I can announce that we are going to remove the clause five from the bill at committee, that we will move straight to the wider review, sometimes referred to as the Timms review, and only make changes to Pip eligibility, activities and descriptors following that review.

The government is committed to concluding the review by the autumn of next year.

As The Guardian then notes:

That is another big concession.

It means there is a chance that new Pip eligibility rules will not come into force in November 2026.

They added:

Much more importantly, it means that the switch to the four-point Pip eligibility rule may never happen at all. It won't be in the legislation. And there is no guarantee the Timms review will revive the idea – certainly if it is genuinely “co-produced” with disabled people, as the government promises. The four-point rule was the key instrument that was going to deliver the £2.5bn savings that, this morning, the Treasury was going to deliver.

This means MPs are set to pass a bill that won't necessarily deliver anything like the level of cuts originally planned. It is a huge win for those campaigning against it.
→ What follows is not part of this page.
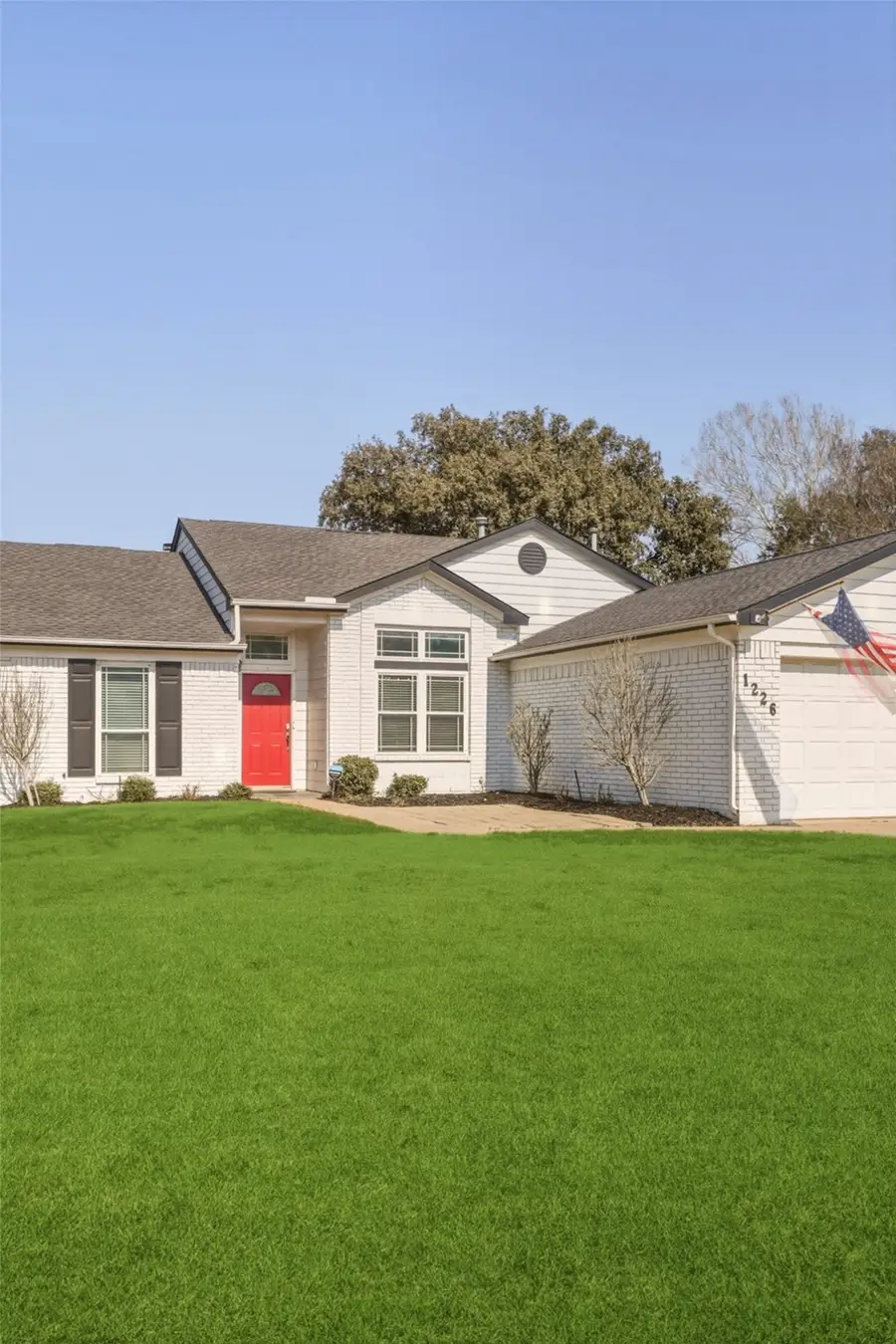 1226 Eaton, Grapevine, TX 76051 - #2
In fact, this Bill now delivers no significant cuts at all. Those that are left should still be abandoned, though.

There is no beating about the bush here. What must have happened is that sometime late this afternoon, the Whips told Labour that they were still going to be defeated by their own backbenchers and so, to avoid this embarrassment, the Bill had to be gutted, leaving it almost meaningless.

No government Bill has done this badly for 40 years, and that was a relatively minor one in the Thatcher era, and this was a fundamental Bill in the Starmer era.
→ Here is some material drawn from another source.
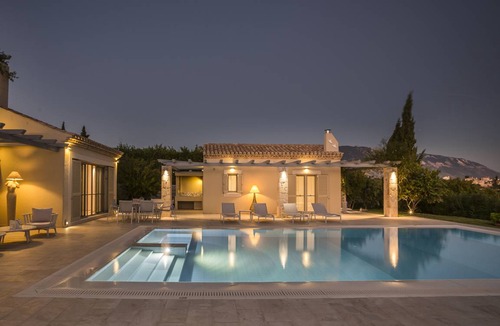 Kaligata Villa | 330 m² Villa ∙ 4 bedrooms ∙ 8 guests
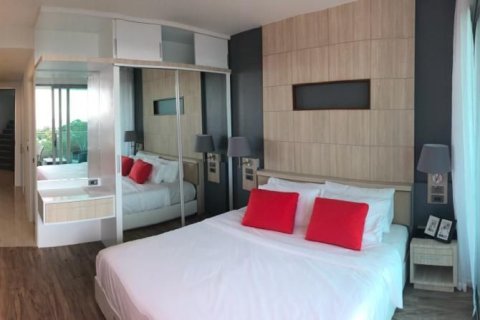 Студия в кондо в Кату, Таиланд № 167568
The callousness of the Labour government has been exposed. Its own backbenchers have rightly hammered it.

The time has come for the government to rethink, entirely. It has almost all its policies wrong. It's not just this issue. The whole of its austerity programme is unjustified, and that is now obvious.

Labour has a choice. They can demand total change from Starmer, or they can demand that Starmer go. There are no other alternatives, and only one of these is likely to be viable, given that Starmer, Reeves, Kendall and many others in the Cabinet have not a shred of credibility left.